Four Seasons of Gardening

By Donald Partelow

Cornell Cooperative Extension Dutchess County presented a special online program, entitled the Four Seasons of Gardening, for the Pawling Library on the evening of Tuesday, December 8th. The  program drew garden enthusiasts from far and wide.
Opening the program was Joyce Tomaselli, CCEDC Community Horticulture Resource Educator.  Ms. Tomaselli is responsible for running Community Horticulture Programs, as well as CCEDC’s Master Gardener Volunteer Program in which experts speak on topics that they’re especially interested in or passionate about.
Ms. Tomaselli introduced our guest speaker Master Gardener Volunteer Philomena Kiernan who is presenting gardening programs now in  her twelfth year.

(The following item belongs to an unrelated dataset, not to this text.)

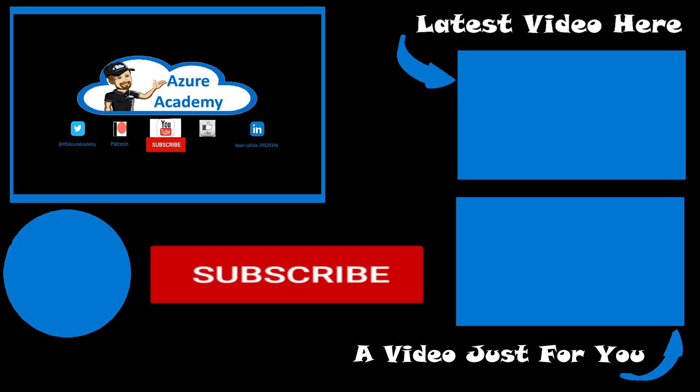As for all the stuff that we do have on the channel, over here on the top right, you can find our latest video and at the bottom, another one that we've picked out just for you so that you can keep on learning about Azure. Thanks very much again for joining us and we will catch you at the same time next week. Happy learning.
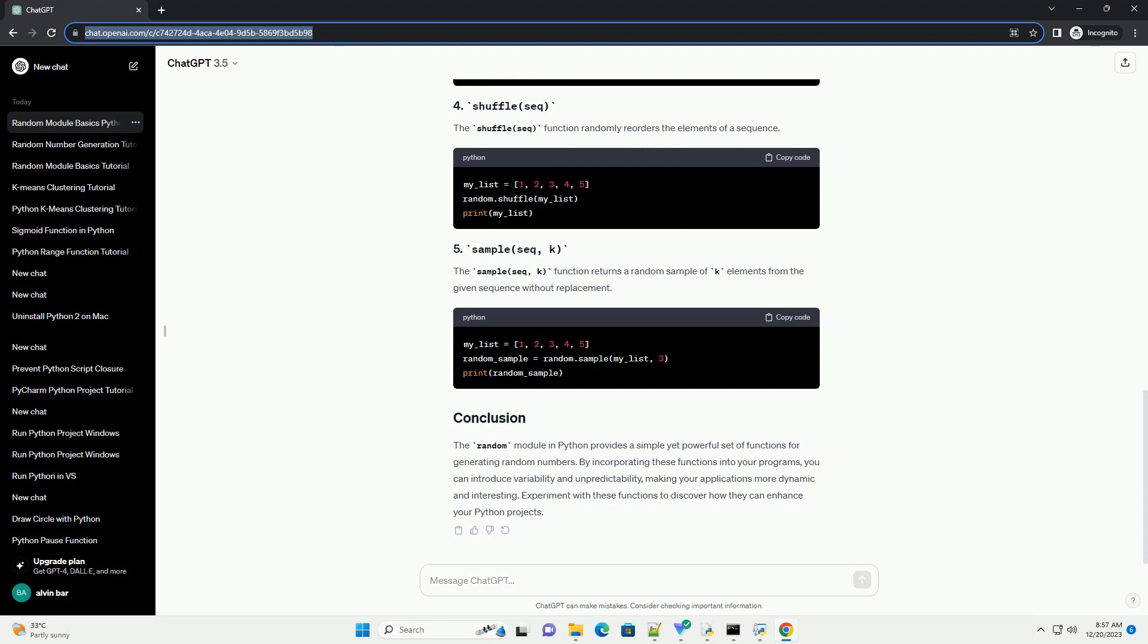The random module in Python provides a simple yet powerful set of functions for generating random numbers. By incorporating these functions into your programs, you can introduce variability and unpredictability, making your applications more dynamic and interesting.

Ms. Kiernan focused her program on the four season garden, also known as  succession planting or layering, and planning and design. “We’ll be spending a lot of time looking at two examples from my garden,” said Ms. Kiernan,  “and how the plants change through the course of the season.”
During this powerpoint presentation the audience was also treated to Philomena Kiernan’s photography. Her images of flowers, especially the close-up photos,  were as exceptional as her lecture. 
The reason for a four season garden, Ms. Kiernan explained, was to have something interesting, colorful and vibrant in the garden all year round.
She talked in detail about succession planting or layering, which means that while some plants in the garden are waning others are growing in to take their place. A four season garden does not happen overnight, and for many gardeners, it’s never completed as new plants are added to the design.  
To have a successful garden we learned, planning is key. A really important part is research, reading labels, and understanding what is meant by the bloom time. Ms. Kiernan stressed that you want to make sure the plants being placed in the garden  work well together.
“Gardening has taught me patience,” said Ms. Kiernan. She explained that in different garden conditions the plants can grow a little bit differently and recommended to just wait and see what will happen in your garden, and be patient.
There was a great deal more information that was provided by Ms. Kiernan in her lecture.  She recommended  two books at the end of  the program, Succession Planting for year-round pleasure, by Christopher Lloyd and The Layered Garden: Design Lessons for Year-Round Beauty from Brandywine Cottage, by David Culp. At the close one of our participants said, “Philomena, your garden is absolutely beautiful. You’re really a lover of beauty.” This is most certainly true and we look forward to having more beautiful Master Gardening programs at our library.